Here in the mountain valley which the Chumash called the Centre of the World, I found myself caught between two Thanksgiving Days. I wasn’t home in Toronto for Canada’s day of thanks on the second Monday of October, and I won’t be here on November 27, the fourth Thursday in November, for the American Thanksgiving. And yet I had much to be thankful for and I wanted to express it. Luckily a birthday came along. I began planning.

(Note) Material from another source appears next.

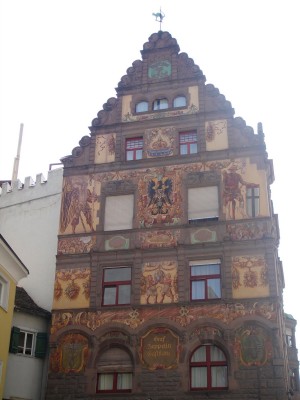Еще один расписной дом в Констанце (Германия)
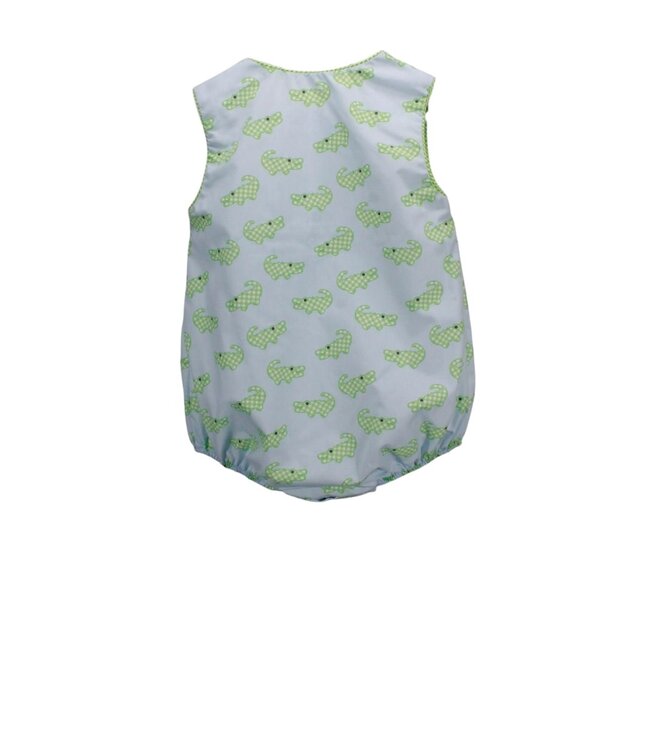 Baby Blue Croc Weston Bubble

Well, let’s be honest. First, I took stock. Was I up to cooking such a meal? I factored in my advanced age, my aching back and divided by thankfulness. The result was a decimal zero, zero, single digit. In other words, no prob!

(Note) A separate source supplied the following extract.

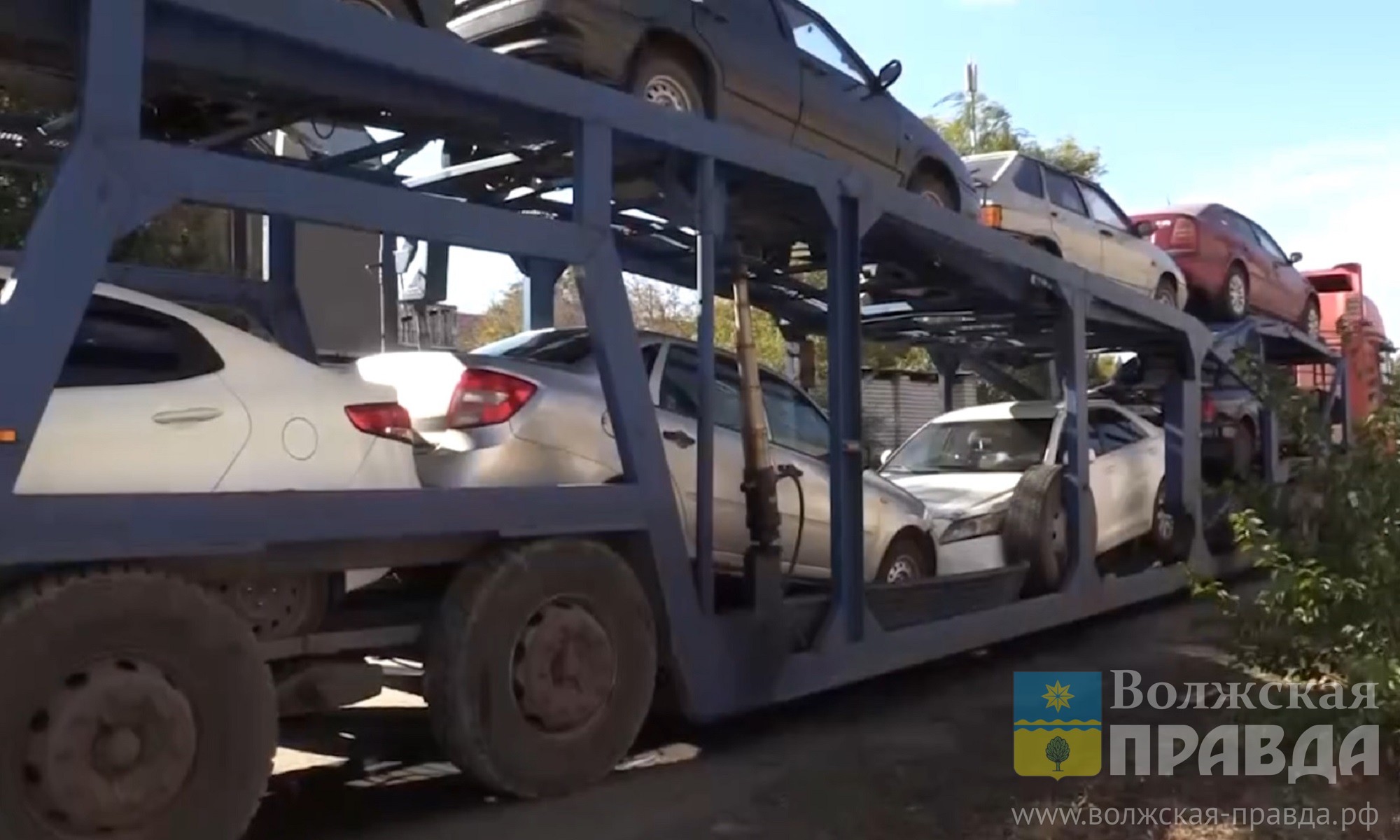 262 авто изъято в 2025 году у пьяных водителей Волгоградской области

Not turkey. Sorry turkey farmers, I don’t like your bird enough to go to all that bother. No our preferred protein is roast beast, i.e. a beef rib roast. Since I no longer have a house to mortgage, that was a sobering thought, but I said, what the heck, I’ve got a line of credit. In the event, it cost only $126 for 4 ribs, with the bones cut off and tied back on. The butcher worked away at it for 15 minutes while I looked at wine.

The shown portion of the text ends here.